=== INPUT RECORDS ===
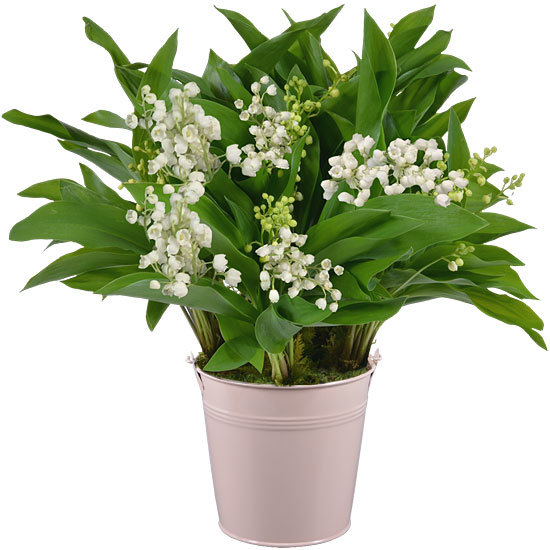 Lily-of-the-Valley in a Pastel Vase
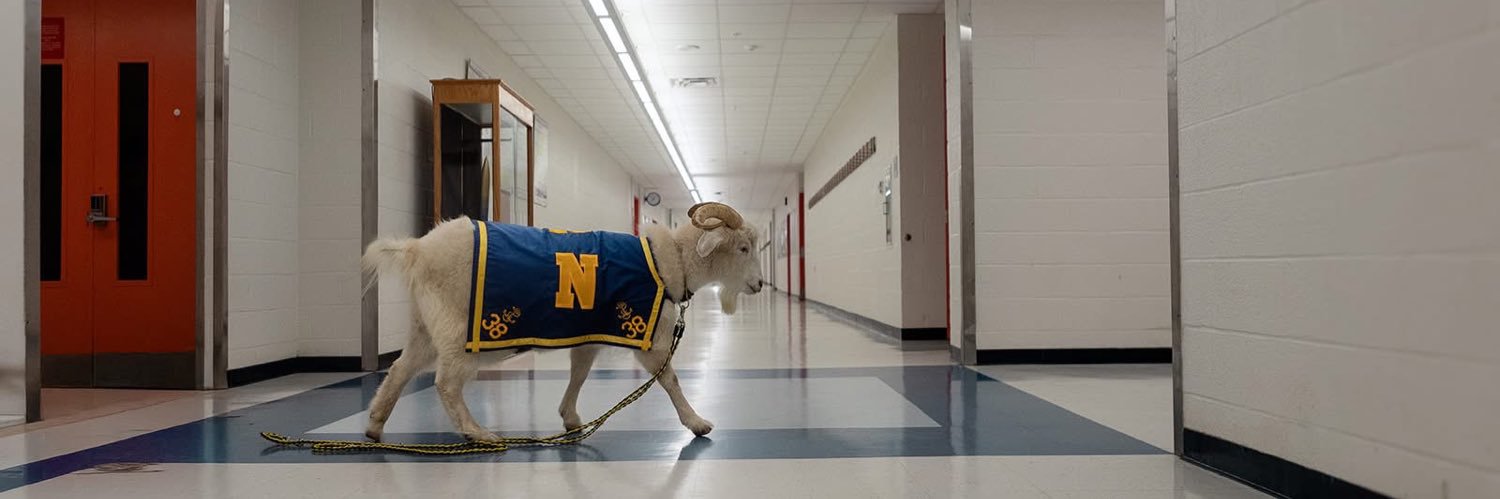 NNNGoat's profile banner image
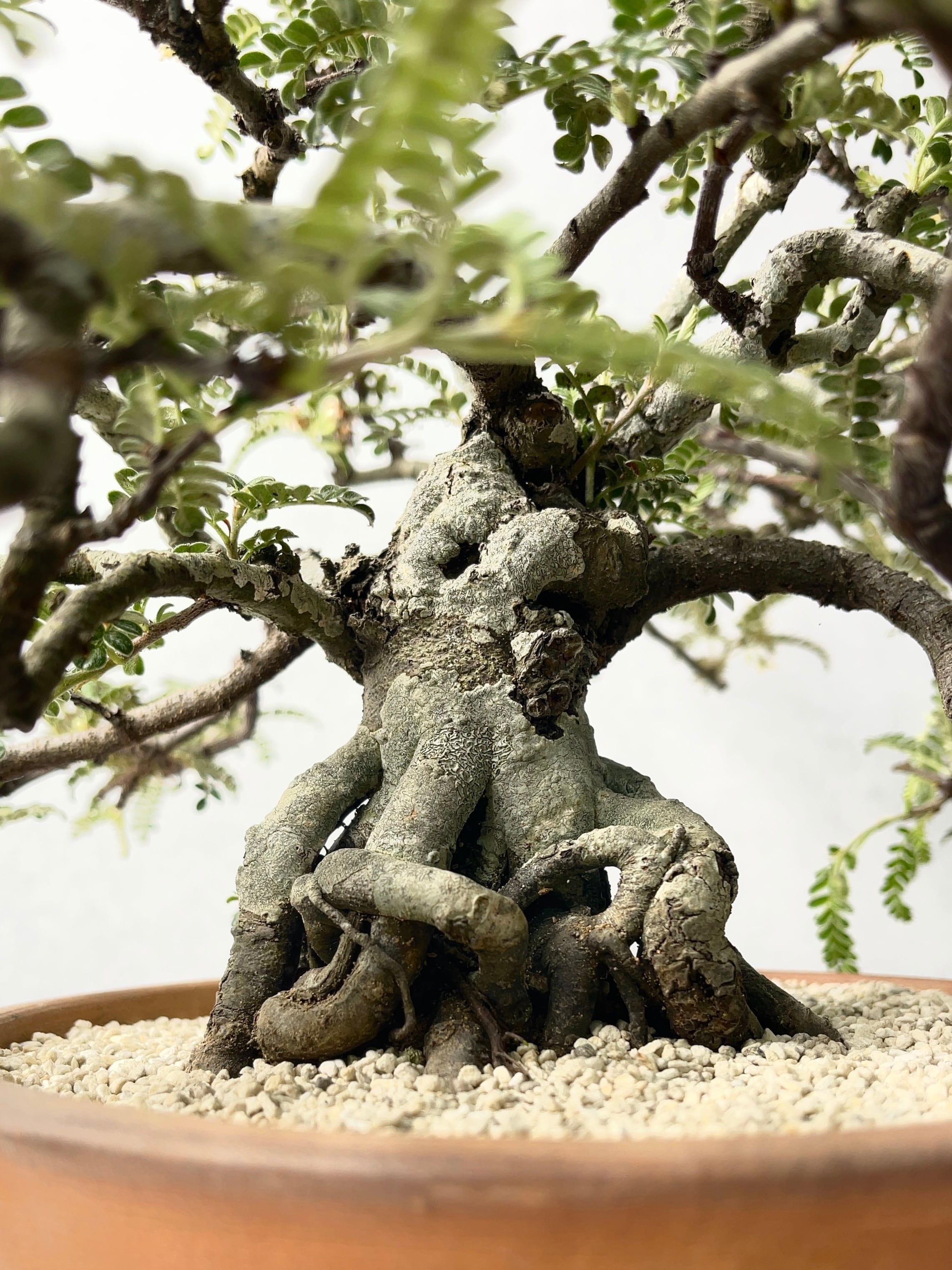 天梅 5b5dfe3e6df05522f59689b63f3d2c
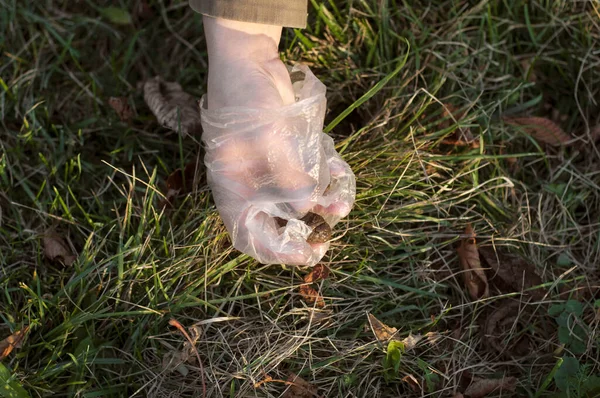 A jovem pega o cocô de seu animal de estimação com saco de plástico — Fotografia de Stock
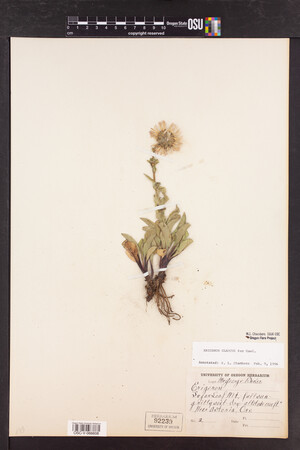 Erigeron glaucus image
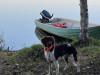 IMG-7346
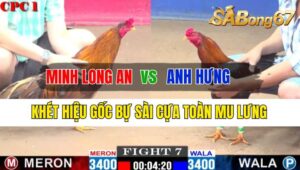 Trận 7 CPC1 08/10/2024 Anh Minh Long An Đá Xổ Anh Hưng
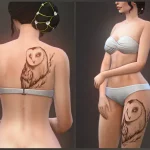 Barn Owl tattoos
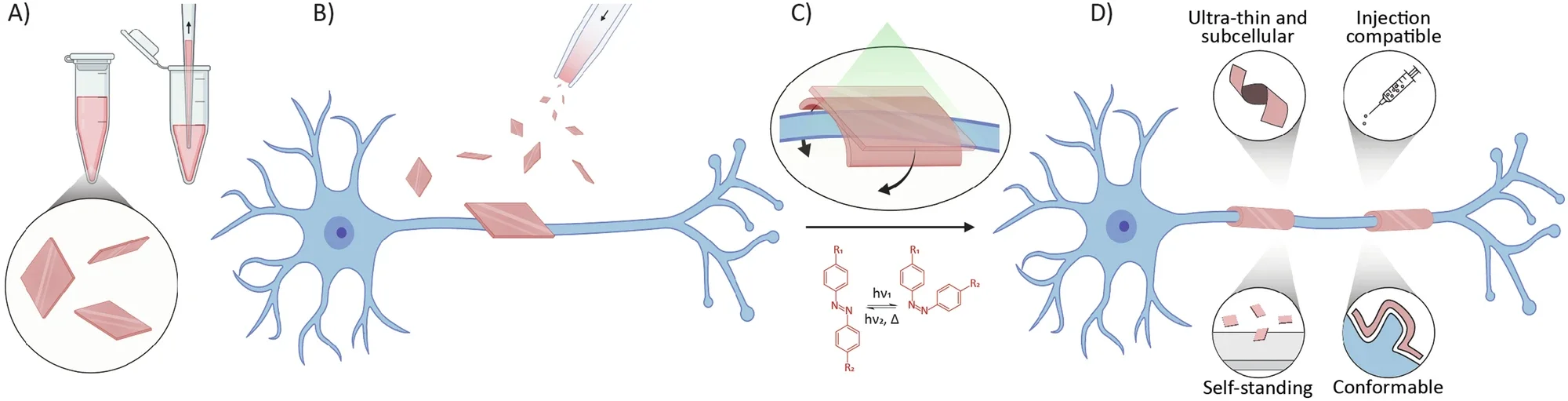 Cell-conformable platforms. Generalized freestanding thin-film microdevices of 5–100 µm2 dispersed in physiological solution or cell medium at high concentrations.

=== WHAT IS NEEDED ===
Lines from the start of the listing above through the line holding "Barn Owl tattoos" are to be duplicated exactly, and nothing more; leave out the pictures.

=== ANSWER SECTION ===
 Lily-of-the-Valley in a Pastel Vase
 NNNGoat's profile banner image
 天梅 5b5dfe3e6df05522f59689b63f3d2c
 A jovem pega o cocô de seu animal de estimação com saco de plástico — Fotografia de Stock
 Erigeron glaucus image
 IMG-7346
 Trận 7 CPC1 08/10/2024 Anh Minh Long An Đá Xổ Anh Hưng
 Barn Owl tattoos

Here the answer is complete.